*** Begin section ***
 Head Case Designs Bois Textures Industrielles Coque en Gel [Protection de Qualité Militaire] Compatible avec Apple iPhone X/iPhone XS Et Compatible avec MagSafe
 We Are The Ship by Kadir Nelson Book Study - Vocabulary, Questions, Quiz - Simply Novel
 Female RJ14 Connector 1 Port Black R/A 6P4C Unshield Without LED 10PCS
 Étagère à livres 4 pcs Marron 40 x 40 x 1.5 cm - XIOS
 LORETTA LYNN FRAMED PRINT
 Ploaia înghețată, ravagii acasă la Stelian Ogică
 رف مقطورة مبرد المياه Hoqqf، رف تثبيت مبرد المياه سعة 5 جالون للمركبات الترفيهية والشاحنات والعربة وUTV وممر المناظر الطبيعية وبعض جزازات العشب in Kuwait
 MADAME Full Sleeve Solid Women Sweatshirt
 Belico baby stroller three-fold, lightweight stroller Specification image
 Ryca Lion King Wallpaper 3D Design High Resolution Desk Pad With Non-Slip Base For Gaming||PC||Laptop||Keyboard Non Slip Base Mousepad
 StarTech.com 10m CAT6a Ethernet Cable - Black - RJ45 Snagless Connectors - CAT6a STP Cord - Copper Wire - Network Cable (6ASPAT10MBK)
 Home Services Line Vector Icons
*** End section ***
### [Exercise prompt]
All lines from the one with "StarTech.com 10m CAT6a" to the end of the material above should be copied exactly, both ends included, and nothing else.

### [Solution to the exercise]
 StarTech.com 10m CAT6a Ethernet Cable - Black - RJ45 Snagless Connectors - CAT6a STP Cord - Copper Wire - Network Cable (6ASPAT10MBK)
 Home Services Line Vector Icons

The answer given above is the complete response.